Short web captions
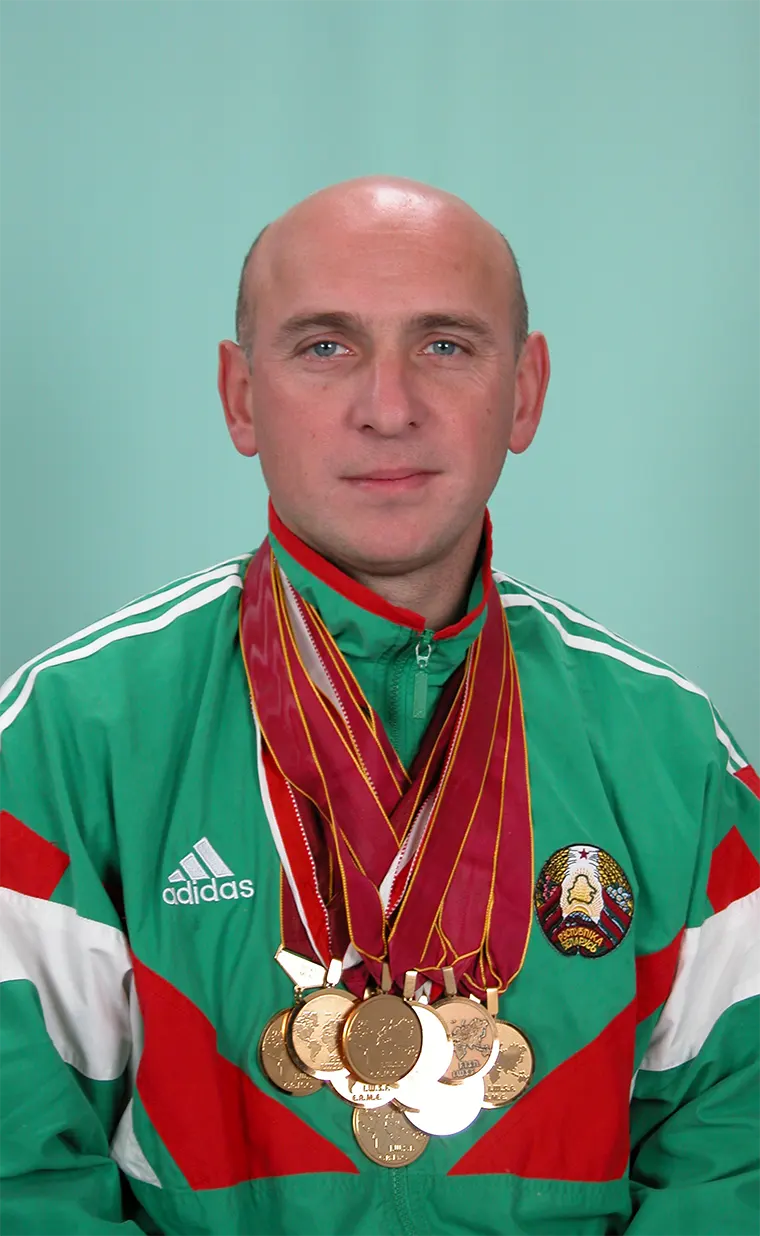 Дурнов Вячеслав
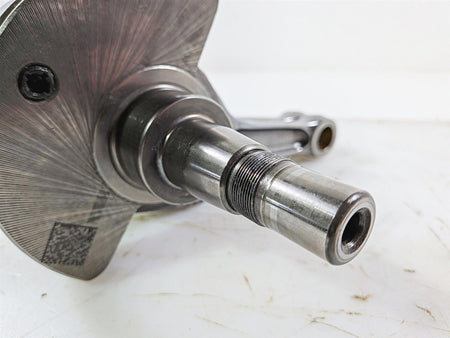 2016 Ducati Hypermotard 939 SP Crank Shaft Connecting Pison Rod Set 14622163A-Mototech271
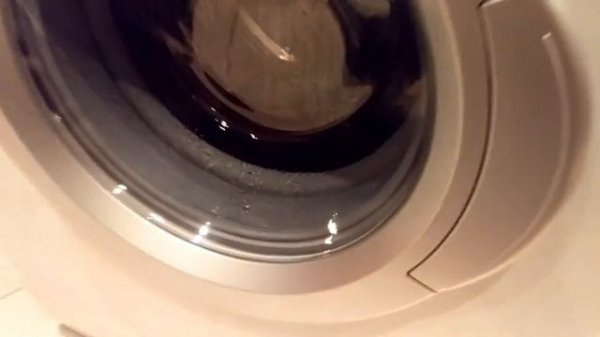 Bosch Maxx7 XL edition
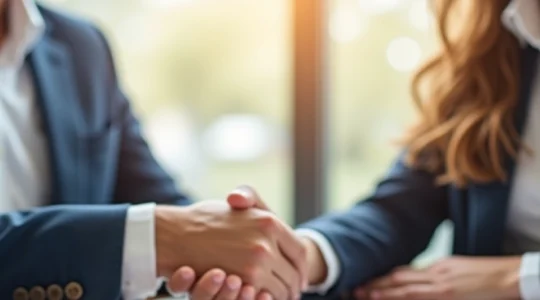 comment-exclure-un-associe-d-une-sarl-legalement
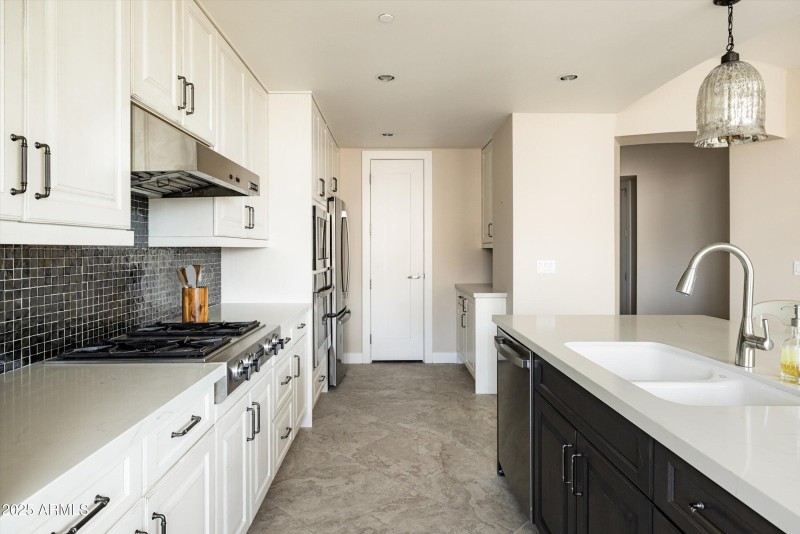 37-140 E Rio Salado Pkwy-30_15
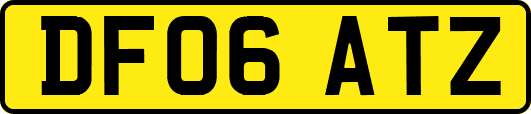 DF06ATZ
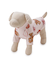 【CAT&DOG】フェイバリット柄プルオーバー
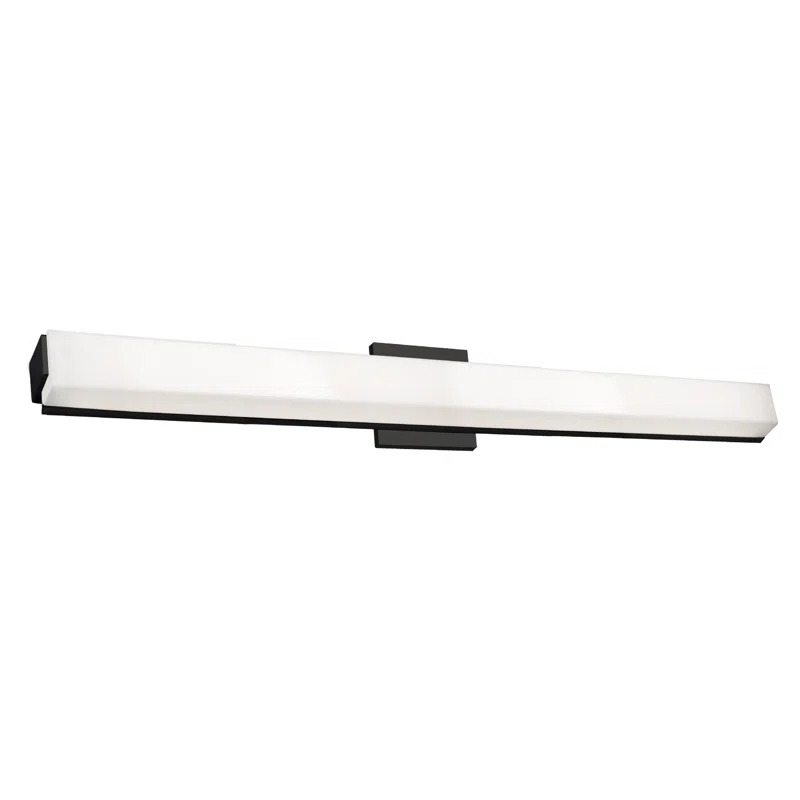 Kuzco Lighting Latitude LED Bath Bar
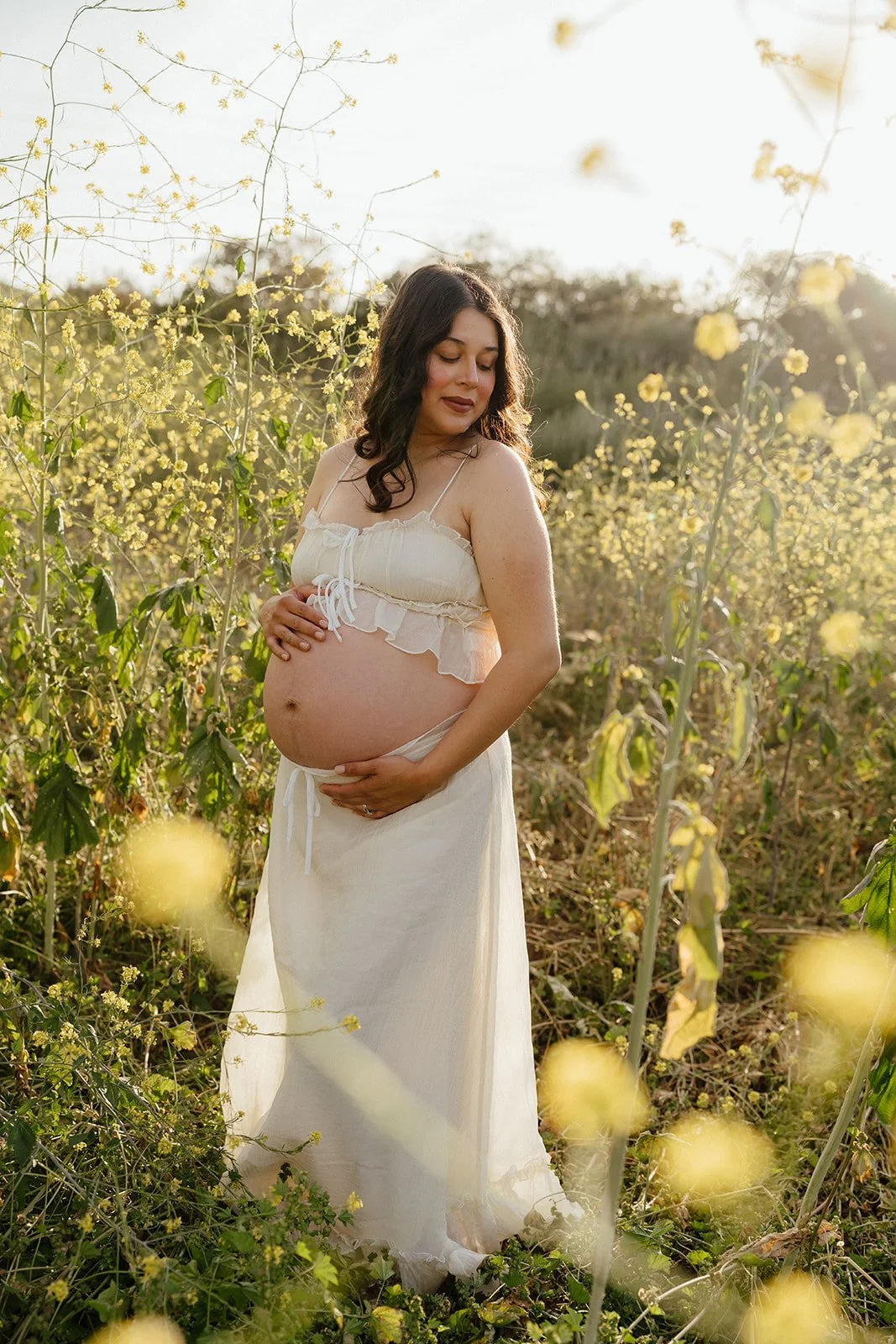 Seagrave Photography - San Marcos Maternity Session-22.jpg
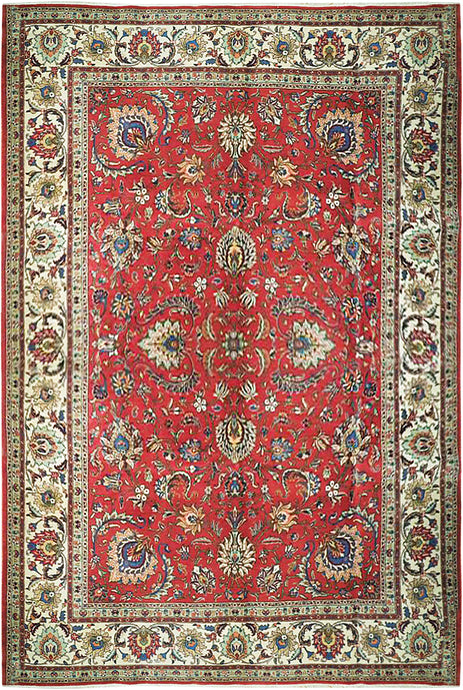Semi-Antique-Persian-Tabriz-Rug.jpg 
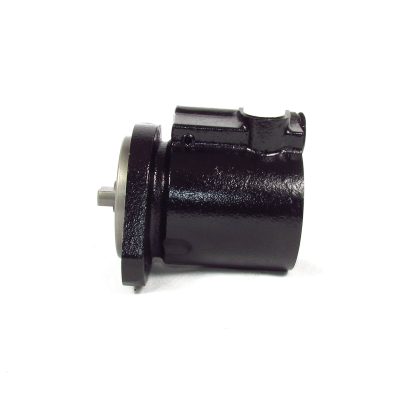 Fortpro Power Steering Pump Compatible with Cummins 6BT Engines | F255704 - Image 4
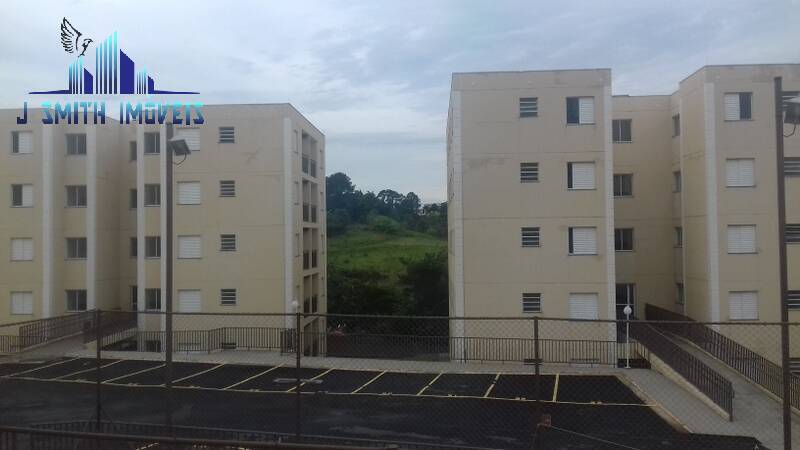 Apartamento, 3 quartos, 55 m² - Foto 22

• Aim of the exercise: What is the exact wording of the lines from the one bearing "Seagrave Photography - San" through the final line of the records above? Write it out without the pictures.

• Written solution:
 Seagrave Photography - San Marcos Maternity Session-22.jpg
Semi-Antique-Persian-Tabriz-Rug.jpg 
 Fortpro Power Steering Pump Compatible with Cummins 6BT Engines | F255704 - Image 4
 Apartamento, 3 quartos, 55 m² - Foto 22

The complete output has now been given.